Vervolgens gaat Luther nog in op betekenis van de wetten. (Ceremoniële, burgerlijke en morele wetten). Hierbij worden dwalingen weerlegd en komt duidelijk naar voren dat er alleen gerechtigheid is door Christus en niet en nooit door de wet. Christus die tot een vloek gemaakt is, heeft ons verlost van de vloek der wet.
 
28. Maar wij, broeders, zijn kinderen der belofte, als Izak was.
29. Doch gelijkerwijs toen, die naar het vlees geboren was, vervolgde degene die naar den Geest geboren was, alzo ook nu.
Deze tekst bevat een belangrijke troost, aldus Luther. Luther zegt: ‘Ismaël kan niet anders dan Izak vervolgen, omgekeerd vervolgt Izak Ismaël niet. Wie de vervolging door Ismaël niet verdragen wil, moet niet denken dat hij een christen is’. Luther trekt een parallel tussen zijn eigen leven en dat van Paulus: dat ze met hun woorden beroering en verwarring veroorzaakten onder het volk. ‘Of wel men moet de aardse paus laten vallen of wel men verliest de eeuwige Christus en met Hem het eeuwige leven. Maar van twee kwaden moet men de minste kiezen. Daarom moet eerder de aardse en sterfelijke paus weg dan de hemels en eeuwige Christus.’ Vervolgens gaat Luther steeds dieper. En beschrijft dat de strijd tussen Izak en Ismaël terug te brengen is tot de strijd tussen Christus en de duivel. De duivel die mensen in zijn handen als middelen gebruikt om de ware leer, de leer van Christus, tegen te staan door een valse leer en door vervolgingen. Luther wijst er ook op dat dit reeds is voorzegt door Christus: ‘Een dienstknecht is niet groter dan zijn heer. Indien zij Mij vervolgd hebben, zij zullen ook u om Mijn naam vervolgen’. (…) Tenslotte, en dat is voor ons een grote troost, ook de vervolging van Ismaël tegen Izak zal niet eeuwig duren, ze duurt maar een zekere tijd en als die voorbij is, gaat het naar de tekst die nu volgt.’
 
30. Maar wat zegt de Schrift? Werp de dienstmaagd uit en haar zoon; want de zoon der dienstmaagd zal geenszins erven met den zoon der vrije.’

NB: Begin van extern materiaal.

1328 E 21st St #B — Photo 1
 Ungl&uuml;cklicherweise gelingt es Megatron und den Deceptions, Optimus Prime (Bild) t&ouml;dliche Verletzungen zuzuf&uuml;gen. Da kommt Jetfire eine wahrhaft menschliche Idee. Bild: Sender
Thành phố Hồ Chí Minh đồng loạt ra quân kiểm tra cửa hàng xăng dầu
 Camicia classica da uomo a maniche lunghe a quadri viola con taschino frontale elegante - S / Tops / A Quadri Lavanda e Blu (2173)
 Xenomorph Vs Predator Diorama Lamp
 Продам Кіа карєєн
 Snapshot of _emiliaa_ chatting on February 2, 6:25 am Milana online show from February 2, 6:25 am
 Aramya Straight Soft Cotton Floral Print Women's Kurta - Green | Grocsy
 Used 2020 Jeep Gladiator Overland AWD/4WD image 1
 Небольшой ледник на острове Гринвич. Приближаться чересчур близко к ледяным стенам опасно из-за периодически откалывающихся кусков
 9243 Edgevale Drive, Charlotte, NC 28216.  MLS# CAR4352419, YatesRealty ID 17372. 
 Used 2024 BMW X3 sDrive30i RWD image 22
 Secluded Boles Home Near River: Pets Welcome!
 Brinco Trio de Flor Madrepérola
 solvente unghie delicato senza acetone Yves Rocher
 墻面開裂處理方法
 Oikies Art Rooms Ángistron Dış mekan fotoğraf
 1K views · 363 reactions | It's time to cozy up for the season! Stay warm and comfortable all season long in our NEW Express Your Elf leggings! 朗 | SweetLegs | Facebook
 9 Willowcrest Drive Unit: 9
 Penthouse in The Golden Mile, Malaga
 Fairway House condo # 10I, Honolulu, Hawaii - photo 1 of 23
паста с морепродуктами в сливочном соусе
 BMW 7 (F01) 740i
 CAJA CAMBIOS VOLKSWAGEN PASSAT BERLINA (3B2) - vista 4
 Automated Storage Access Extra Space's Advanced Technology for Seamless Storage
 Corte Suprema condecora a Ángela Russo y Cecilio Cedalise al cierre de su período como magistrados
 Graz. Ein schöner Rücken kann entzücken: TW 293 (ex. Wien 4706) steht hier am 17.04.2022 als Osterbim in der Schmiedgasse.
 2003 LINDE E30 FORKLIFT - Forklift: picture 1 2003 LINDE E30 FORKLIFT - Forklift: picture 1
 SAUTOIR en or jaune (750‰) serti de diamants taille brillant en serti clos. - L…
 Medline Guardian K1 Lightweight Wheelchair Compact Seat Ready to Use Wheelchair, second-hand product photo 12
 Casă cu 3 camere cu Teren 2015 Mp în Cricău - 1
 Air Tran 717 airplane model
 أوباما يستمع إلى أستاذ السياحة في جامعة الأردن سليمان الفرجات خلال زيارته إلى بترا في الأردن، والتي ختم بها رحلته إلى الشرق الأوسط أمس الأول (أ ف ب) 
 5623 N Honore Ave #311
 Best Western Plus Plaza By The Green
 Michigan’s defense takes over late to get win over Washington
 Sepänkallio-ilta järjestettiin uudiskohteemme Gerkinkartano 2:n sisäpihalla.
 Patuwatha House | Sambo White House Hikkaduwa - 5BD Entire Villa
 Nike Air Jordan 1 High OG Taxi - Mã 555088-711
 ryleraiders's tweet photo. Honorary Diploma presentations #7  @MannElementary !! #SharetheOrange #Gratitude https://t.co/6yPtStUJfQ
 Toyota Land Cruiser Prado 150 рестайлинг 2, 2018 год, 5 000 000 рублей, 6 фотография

In dit vers wordt beschreven dat een ieder die zich inbeeldt dat zij het volk van God zijn door gerechtigheid door de wet en werken, enkel slaven zijn. En hoe heilig men ook zou leven, de erfenis er niet mee verdiend kan worden. God keert het oordeel van de ‘pausgezinden en werkheiligen’ om: ‘als zonen van de dienstmaagd en omdat zij de kinderen van de vrije vervolgd hebben, moeten zij uit het huis geworpen worden en mogen zij niet samen met de zonen der belofte delen in de erfenis, die hun alleen toekomt als zonen van de vrije. (…) ‘d.w.z. uit het rijk der genade; zij kunnen geen erfgenamen zijn met de zonen der vrije’.
 
31. Zo dan, broeders, wij zijn niet kinderen der dienstmaagd, maar der vrije.
‘Paulus gebruikt de uitdrukking: zoon der vrije en zoon der dienstmaagd, als een welkome aanleiding om er het leerstuk van de rechtvaardigmaking aan vast te knopen. Het woord ‘vrij’ geeft hem gelegenheid over de christelijke vrijheid te discussiëren, omdat de kennis daarvan dringend noodzakelijk is.’ Luther: ‘Daarom moet de christelijke vrijheid zorgvuldig overdacht worden, ten eerste om de leer van de rechtvaardiging te bevestigen, ten andere om de gewetens op te beuren en te vertroosten tegenover zoveel verwarringen en ergerlijkheden (…)’. Het is van belang om op te merken dat hier over een geestelijke vrijheid wordt gesproken.
 
Dan volgt nu hoofdstuk 5 waarin volgens Luther Paulus als het ware bliksemschichten op de Galaten werpt om hen te verslaan.
 
1. Staat dan in de vrijheid, met welke ons Christus vrijgemaakt heeft…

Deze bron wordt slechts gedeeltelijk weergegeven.